### PROBLEM STATEMENT
Please repeat, from the entries that follow, the lines from the one containing "Полётный контроллер BETAFPV" through the one containing "Phước, gần QL1 A" exactly, adding nothing.

### Items from a dataset
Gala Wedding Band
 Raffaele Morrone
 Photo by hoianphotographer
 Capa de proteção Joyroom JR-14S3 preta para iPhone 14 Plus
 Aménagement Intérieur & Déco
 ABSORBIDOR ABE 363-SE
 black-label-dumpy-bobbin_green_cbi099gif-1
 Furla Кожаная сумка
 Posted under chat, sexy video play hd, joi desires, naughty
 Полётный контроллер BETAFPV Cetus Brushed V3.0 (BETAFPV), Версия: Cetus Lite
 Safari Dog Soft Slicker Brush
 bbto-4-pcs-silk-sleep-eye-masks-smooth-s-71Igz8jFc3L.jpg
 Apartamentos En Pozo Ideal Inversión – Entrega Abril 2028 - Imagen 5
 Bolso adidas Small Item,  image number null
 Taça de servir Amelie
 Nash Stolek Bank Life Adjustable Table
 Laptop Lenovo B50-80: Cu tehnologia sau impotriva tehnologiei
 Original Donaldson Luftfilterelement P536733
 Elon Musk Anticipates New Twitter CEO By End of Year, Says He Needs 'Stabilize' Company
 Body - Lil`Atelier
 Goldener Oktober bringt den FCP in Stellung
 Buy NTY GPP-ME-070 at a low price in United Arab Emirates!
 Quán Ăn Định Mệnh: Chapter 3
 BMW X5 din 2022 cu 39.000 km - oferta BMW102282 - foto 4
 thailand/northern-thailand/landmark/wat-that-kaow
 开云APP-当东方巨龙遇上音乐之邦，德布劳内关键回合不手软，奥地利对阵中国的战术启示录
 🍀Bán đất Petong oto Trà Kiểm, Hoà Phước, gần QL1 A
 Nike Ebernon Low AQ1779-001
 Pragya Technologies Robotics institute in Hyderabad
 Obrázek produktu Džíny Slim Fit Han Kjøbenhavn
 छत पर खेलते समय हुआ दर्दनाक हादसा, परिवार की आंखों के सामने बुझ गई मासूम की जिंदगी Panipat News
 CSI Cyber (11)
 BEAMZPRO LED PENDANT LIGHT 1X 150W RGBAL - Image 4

### TASK RESPONSE
 Полётный контроллер BETAFPV Cetus Brushed V3.0 (BETAFPV), Версия: Cetus Lite
 Safari Dog Soft Slicker Brush
 bbto-4-pcs-silk-sleep-eye-masks-smooth-s-71Igz8jFc3L.jpg
 Apartamentos En Pozo Ideal Inversión – Entrega Abril 2028 - Imagen 5
 Bolso adidas Small Item,  image number null
 Taça de servir Amelie
 Nash Stolek Bank Life Adjustable Table
 Laptop Lenovo B50-80: Cu tehnologia sau impotriva tehnologiei
 Original Donaldson Luftfilterelement P536733
 Elon Musk Anticipates New Twitter CEO By End of Year, Says He Needs 'Stabilize' Company
 Body - Lil`Atelier
 Goldener Oktober bringt den FCP in Stellung
 Buy NTY GPP-ME-070 at a low price in United Arab Emirates!
 Quán Ăn Định Mệnh: Chapter 3
 BMW X5 din 2022 cu 39.000 km - oferta BMW102282 - foto 4
 thailand/northern-thailand/landmark/wat-that-kaow
 开云APP-当东方巨龙遇上音乐之邦，德布劳内关键回合不手软，奥地利对阵中国的战术启示录
 🍀Bán đất Petong oto Trà Kiểm, Hoà Phước, gần QL1 A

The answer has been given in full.